Note that at full-step mode, motor torque is approximately 30% less than rated due to only one coil being fully energised at a time. Half-step mode energises both coils alternately, giving the best torque-to-smoothness balance.
8. Adjusting Motor Current
The EasyDriver has a small trimmer potentiometer near the A3967 chip for setting the maximum coil current. This is critical — too low and the motor stalls; too high and the driver and motor overheat.
To set current:
- Power the board without the motor connected first
- Measure the voltage at the POT wiper (test point marked on some boards) relative to GND
- The relationship is approximately:
I_peak = Vref / 0.5(check your board revision) - For a NEMA 17 rated at 1.0A, set Vref ≈ 0.5V (for 1.0A peak)
- For a 28BYJ-48 at 0.2A, set Vref ≈ 0.1V
After setting, connect the motor and briefly touch each coil wire to verify even holding current with no oscillation. A motor that buzzes or oscillates when held still usually has current set too high or a wiring fault.
28BYJ-48 5V Stepper Motor
Compact unipolar stepper motor for learning. Can be modified to run as a bipolar motor with EasyDriver by removing the center-tap connection.
9. Recommended Stepper Motors
NEMA17 5.6 kg-cm Stepper Motor – D-Type Shaft
The most commonly used stepper for 3D printers, CNC machines and automation. D-type shaft fits standard pulleys without set-screw slipping.
A4988 Stepper Motor Driver Controller Board
A versatile step/direction driver similar to EasyDriver, supports up to 2A and 1/16 microstepping. A great upgrade path from EasyDriver.
10. Frequently Asked Questions
Q: Can I use EasyDriver for a 28BYJ-48 unipolar stepper?
The 28BYJ-48 is a unipolar motor, but it can be converted to bipolar operation by removing the red centre-tap wire connection inside the motor housing (or ignoring it) and connecting only the four phase wires (Orange, Yellow, Pink, Blue) to EasyDriver A+, A–, B+, B–. The motor will work well with current set to around 200 mA.
Q: What is the maximum RPM with EasyDriver?
At eighth-step mode, the A3967 can handle up to about 10 kHz step rate, giving approximately 375 RPM for a 200-step NEMA 17. In practice, motor torque drops significantly above 3–4 RPM under load. For high-speed applications, use full or half-step mode and a higher-current driver like the A4988 or DRV8825.
Q: Does the motor hold position when the pulses stop?
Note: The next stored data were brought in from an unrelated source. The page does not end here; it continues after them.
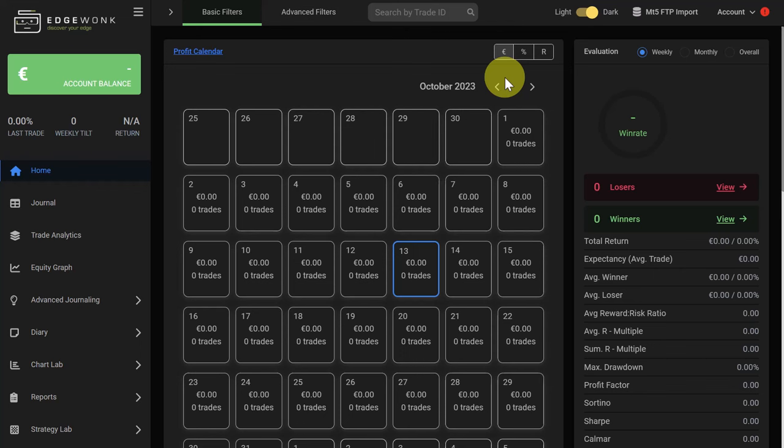With our latest update, you can now sync your MetaTrader 5 trades to your Edgewonk trading journal and all of your trades are imported automatically.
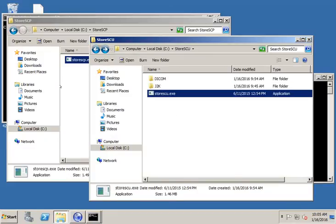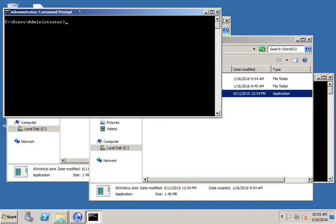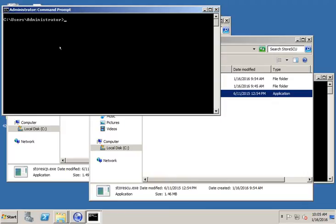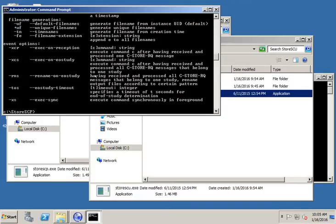So the first step is we have to set up our listener. I have a command prompt running up here. First I need to change directory to my directory that I created, so it's going to be C colon backslash storeSCP. So now I'm in the directory that has storeSCP. The command to start storeSCP is storeSCP. If you want to see the options that are available, you can just hit enter and it'll display all the options.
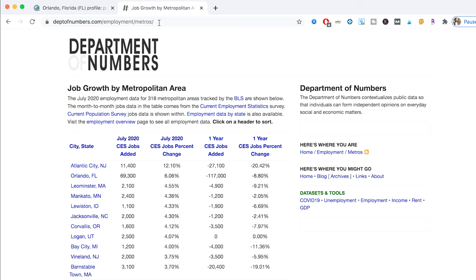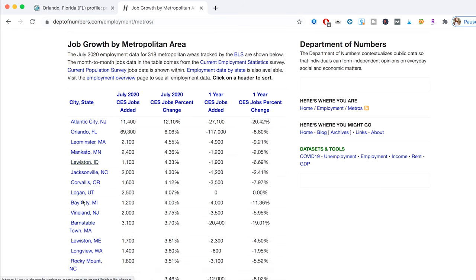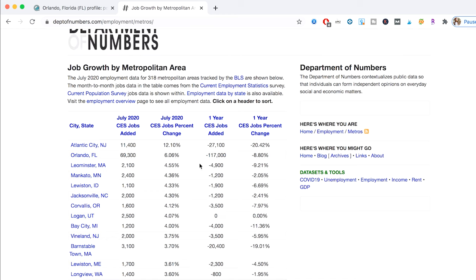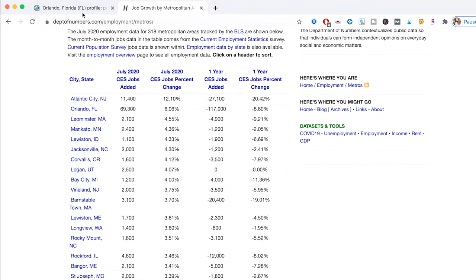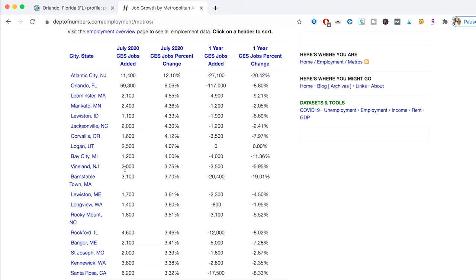You can also look at departmentofnumbers.com/employment/metros to see job growth by metropolitan area. With Orlando, 6% job growth is actually really good. You might want to consider this market and keep researching different markets using these different levers to see if it's a good idea for you. I hope that screen share was helpful — there are many different sites that will help you in this journey, so make sure to do that research around the different factors.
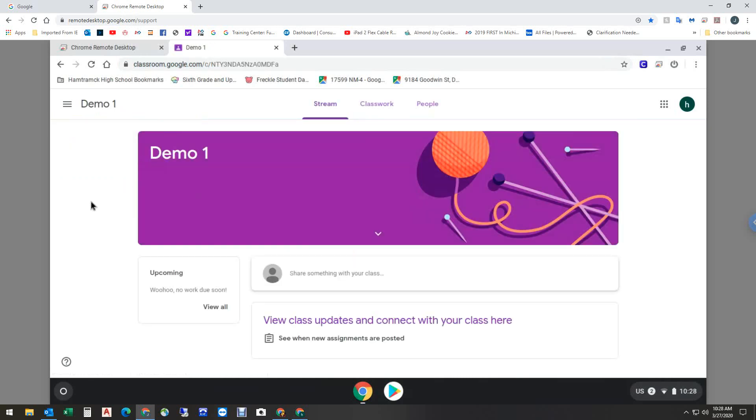So, once again, if you have any problems, please reach out to your teacher, and we'll help you work through these issues. If you don't know how to log into your school Google account, once again, I will put a link in the description area below this video. Thank you for your attention. Thank you.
Yes. When the STEP pin stops receiving pulses, the EasyDriver keeps the coils energised at 30% of the set current (sleep/auto-standby mode). The motor holds its position with reduced holding torque. To maximise holding torque, set the SLP pin HIGH permanently and do not let the driver enter sleep mode.
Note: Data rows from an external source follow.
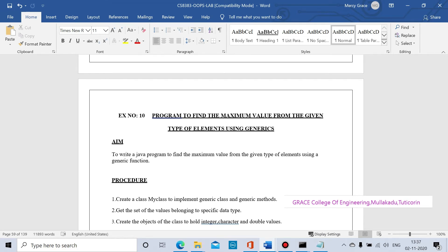This is lab exercise number 10, lab code 8383. Exercise 10 describes a program to find the maximum value from a given type of elements using generics.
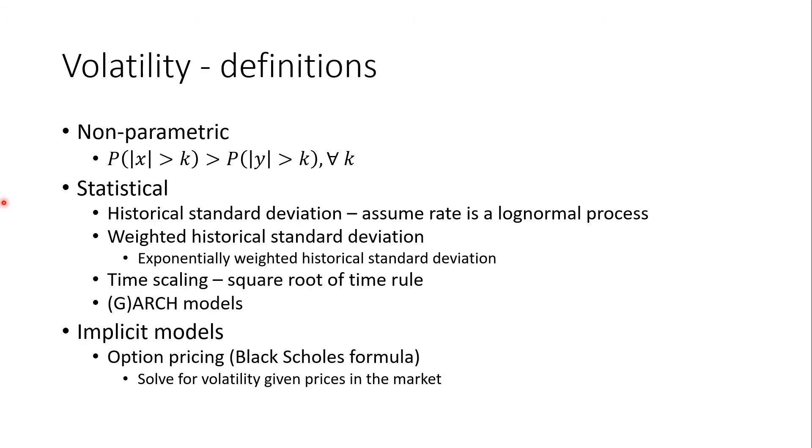There are several definitions of volatility and there are several ways to estimate the volatility of a given process.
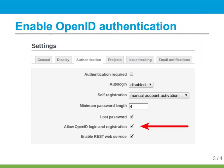Once the gem is installed you'll need to restart Redmine, and then you can enable OpenID. To turn it on, log in as an administrator and go to the administration panel, settings, and the authentication tab. Here you can see the allow OpenID option — just check it and save.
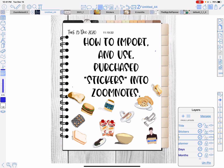Hi everybody, Nancy here. Today I'm going to show you how to import and use purchased stickers into ZoomNotes. The world in general calls what I'm going to upload 'stickers,' but ZoomNotes calls them 'symbols.' I have learned just in the last 30 minutes how amazing symbols are — seriously, symbols are so much more than just simple stickers that you buy from somebody.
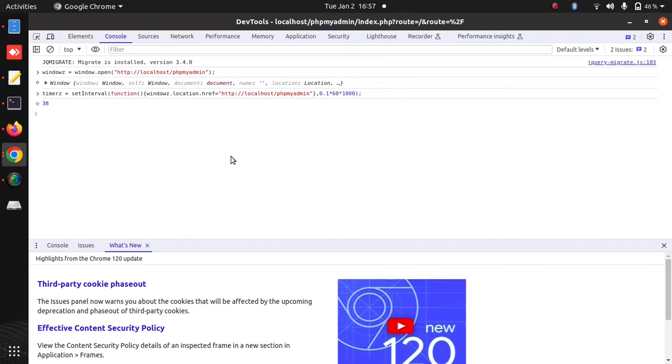You can find this code in the description. You need to replace the phpMyAdmin URL with your web application URL. I hope this solution might help you.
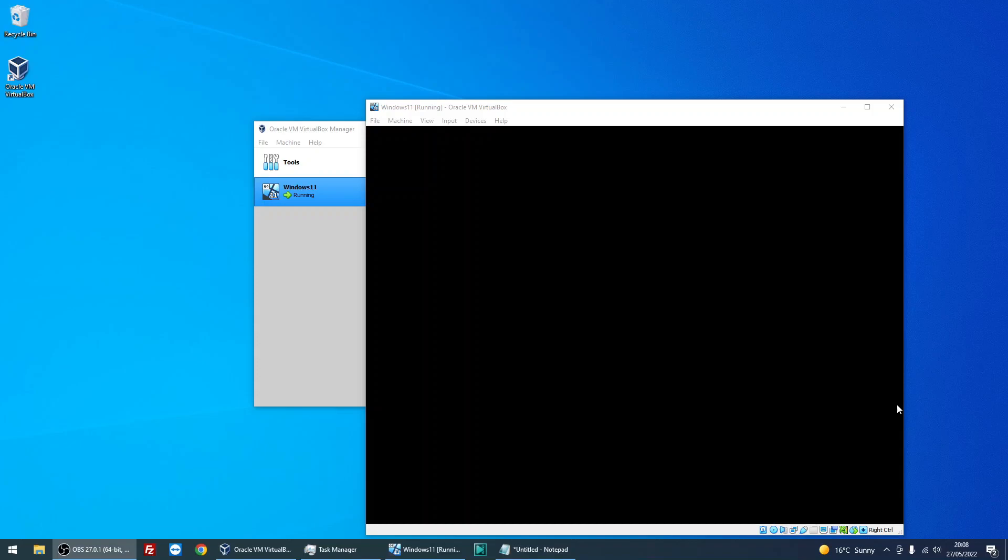I'm not actually going to be able to show you these steps because my machine is going a bit slow. It's going to take a long time to go through it, so I don't want to waste your time. But as soon as you've gone through those questions, it will then boot to the Windows 11 desktop.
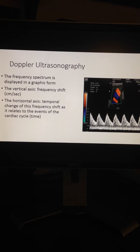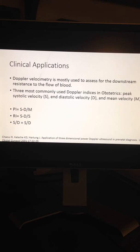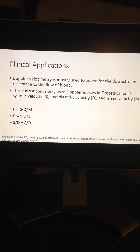This is an ultrasound utilizing Doppler of an umbilical artery. Frequency in centimeters per second is displayed on the vertical axis, and the horizontal axis depicts time. Doppler velocimetry is mostly used to assess for the downstream resistance to blood flow, and the three most commonly used Doppler indices are peak systolic velocity, end diastolic velocity, and mean velocity. These are utilized to calculate the pulsatility index (PI), resistance indices, and the systolic to diastolic ratios.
Q: My motor vibrates but doesn’t rotate. What’s wrong?
This is almost always a wiring problem. Either one or both coil pairs are wired incorrectly (A+ connected to B wire, or polarity reversed within a coil). Use a multimeter to identify the two coil pairs: any two wires with ~4–8 Ω resistance between them belong to the same coil. Wire one pair to A+/A– and the other to B+/B–.
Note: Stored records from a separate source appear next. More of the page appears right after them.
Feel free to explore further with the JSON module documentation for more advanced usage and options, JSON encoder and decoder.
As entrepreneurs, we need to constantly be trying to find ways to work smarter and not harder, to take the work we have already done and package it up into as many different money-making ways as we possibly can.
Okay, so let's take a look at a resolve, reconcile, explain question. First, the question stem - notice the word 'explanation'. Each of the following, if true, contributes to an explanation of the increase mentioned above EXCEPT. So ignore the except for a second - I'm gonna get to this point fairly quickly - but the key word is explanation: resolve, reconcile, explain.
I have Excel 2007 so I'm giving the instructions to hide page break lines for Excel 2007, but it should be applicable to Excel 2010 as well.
Q: Can I use a 9V battery to power the EasyDriver?
A standard 9V PP3 alkaline battery can technically supply the correct voltage but has very limited current capacity (typically under 500 mA before voltage sags). For even a small NEMA 17, motor current peaks can exceed this. Use a dedicated regulated DC power supply or a multi-cell Li-ion pack for reliable operation.
Q: Is EasyDriver better than A4988?
They target slightly different use cases. The EasyDriver is a full breakout board with onboard 5V regulator, clearly labelled connectors, and a very gentle learning curve — ideal for first-time stepper users. The A4988 is a smaller module with higher current (2A vs 750 mA), no 5V regulator, and is the standard for 3D printers. For learning standalone stepper control, EasyDriver is easier. For production 3D printer or CNC projects, A4988 or TMC2208 are preferred.